WORK REQUIRED: Extract from the entries below, exactly as given, only the lines from the line containing "Dandelion Print Crew" to the line containing "A collage of", both lines included.
Top of PROVIDED DATA
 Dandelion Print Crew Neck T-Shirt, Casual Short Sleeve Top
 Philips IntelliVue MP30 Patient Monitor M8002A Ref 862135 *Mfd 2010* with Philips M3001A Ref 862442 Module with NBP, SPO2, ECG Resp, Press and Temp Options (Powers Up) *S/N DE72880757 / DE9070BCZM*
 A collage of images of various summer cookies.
Bottom of PROVIDED DATA
Top of PROVIDED DATA
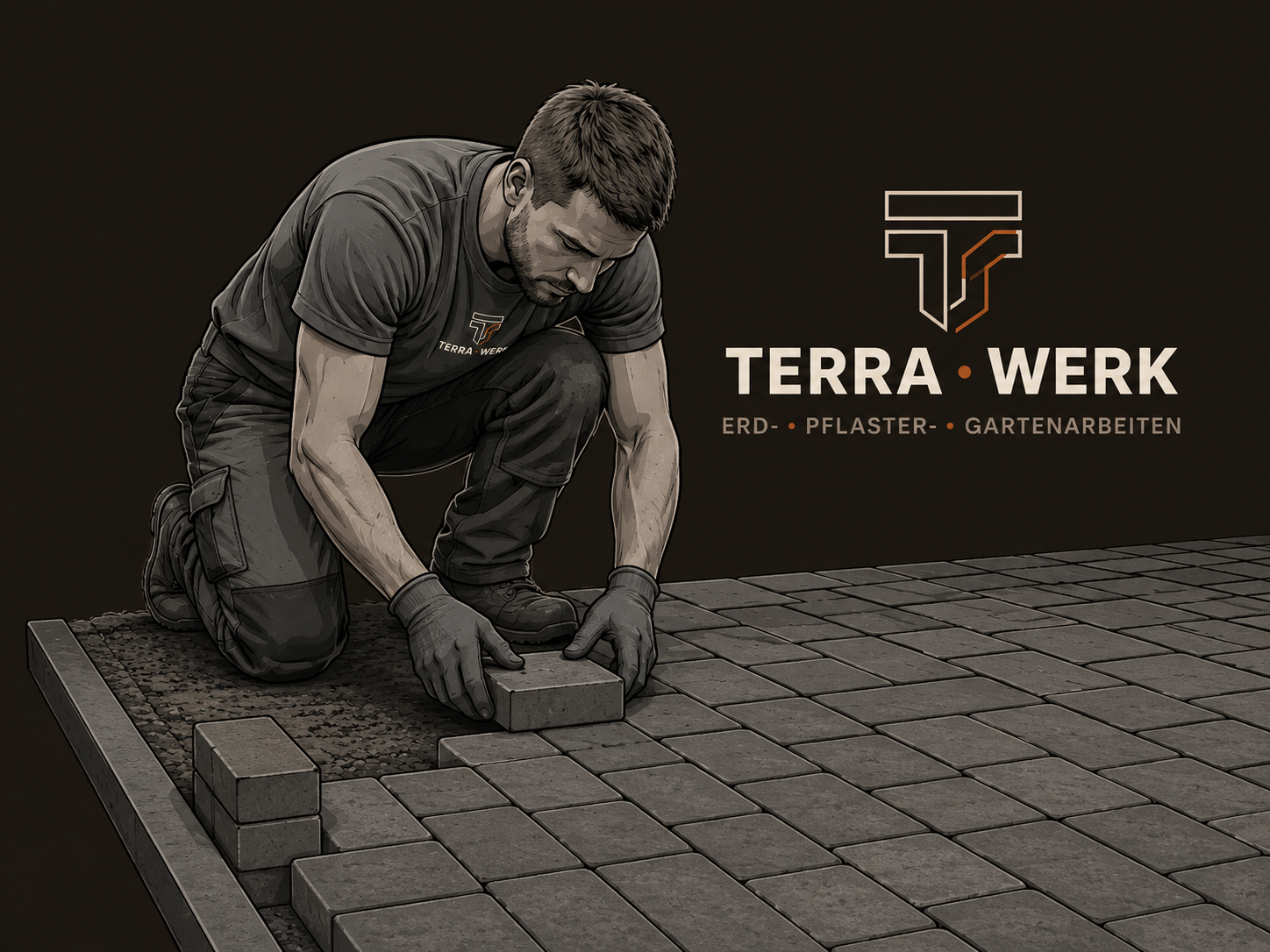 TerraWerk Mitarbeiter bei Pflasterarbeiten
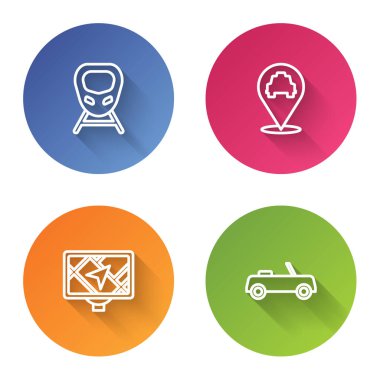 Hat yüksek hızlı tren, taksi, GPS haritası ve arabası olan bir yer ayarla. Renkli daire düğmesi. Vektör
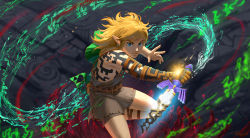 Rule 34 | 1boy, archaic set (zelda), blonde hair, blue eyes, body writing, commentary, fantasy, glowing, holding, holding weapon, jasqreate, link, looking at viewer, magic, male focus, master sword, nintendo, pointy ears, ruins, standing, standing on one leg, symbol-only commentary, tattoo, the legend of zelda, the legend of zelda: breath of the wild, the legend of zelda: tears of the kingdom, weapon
Bottom of PROVIDED DATA
RESULT:
 Dandelion Print Crew Neck T-Shirt, Casual Short Sleeve Top
 Philips IntelliVue MP30 Patient Monitor M8002A Ref 862135 *Mfd 2010* with Philips M3001A Ref 862442 Module with NBP, SPO2, ECG Resp, Press and Temp Options (Powers Up) *S/N DE72880757 / DE9070BCZM*
 A collage of images of various summer cookies.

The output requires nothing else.